Quando um morador de Rivera, cidade fronteiriça uruguaia, for ao mercado local esta semana, verá que o preço de um tubo de pasta de dente de 180 gramas é de 243 pesos (US$ 6,20).
Mas se ele for a um mercado brasileiro próximo — algo para o qual basta atravessar a rua, porque a cidade continua sem barreiras com o nome de Sant’Ana do Livramento no Brasil —, essa mesma pasta de dente, produzida em São Paulo, custará R$ 6,99 (US$ 1,28).
A pasta de dente é apenas um exemplo de que o Uruguai é um país caro, comparado aos seus vizinhos.

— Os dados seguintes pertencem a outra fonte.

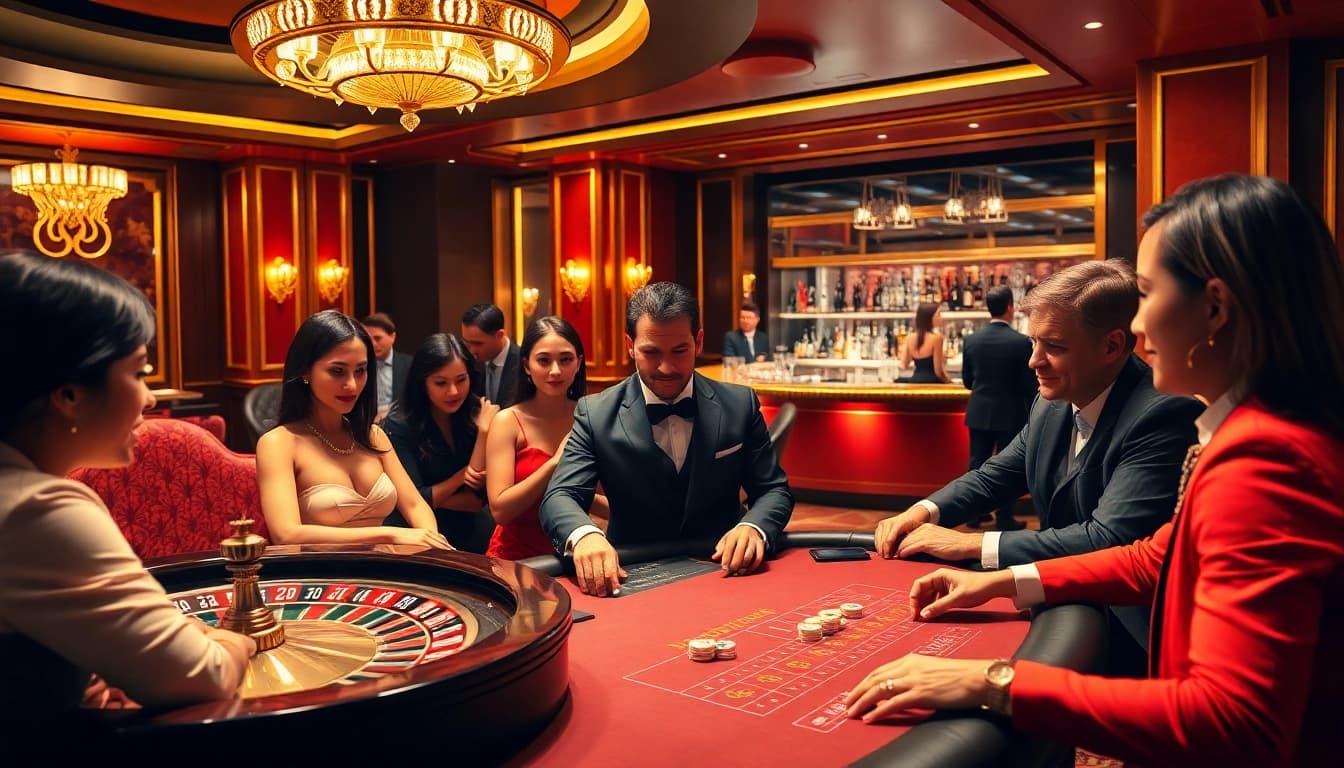Thrilling poker game at 8day casino with players and dealer in an elegant setting.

O importador traz um produto para o país por um preço, mas quando chega ao público, seu preço médio quase triplica, segundo pesquisa realizada pelo Centro de Estudos para o Desenvolvimento (CED) a pedido do Banco Central do Uruguai e publicada em fevereiro.
Mais acentuada é a diferença de um sabonete ou de um desodorante, cujos preços numa loja ou mercado chegam a ser seis vezes maiores do que o valor com o qual entrou no país.

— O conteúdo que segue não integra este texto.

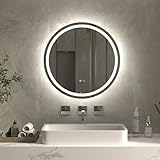 ExBrite 60cm Runder Badspiegel mit Beleuchtung, Wandspiegel LED Badspiegel Spiegel Bad Badezimmerspiegel mit Touch-Schalter, 3 Lichtfarben Dimmbar, Antibeschlag, Speicherfunktion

Com base em dados reunidos pelo Banco Mundial, o CED comparou os preços de cerca de 600 produtos no Uruguai com os de outros 43 países ao longo do tempo.
A pesquisa apontou que os preços eram em média 27% mais caros no país sul-americano.
Além disso, países europeus desenvolvidos como França, Alemanha ou Reino Unido apresentaram preços inferiores aos pagos em Rivera ou Montevidéu.
Apenas nove países — Japão, Finlândia, Israel, Irlanda, Suécia, Dinamarca, Suíça, Noruega e Islândia — revelaram-se mais caros.
Em comparação com outros lugares da América Latina, os produtos no Uruguai custam mais que o dobro dos da Bolívia, 80% mais que no México e 20% mais que os vizinhos Brasil e Argentina — parceiros no Mercosul e de onde chega boa parte das importações sem tarifas.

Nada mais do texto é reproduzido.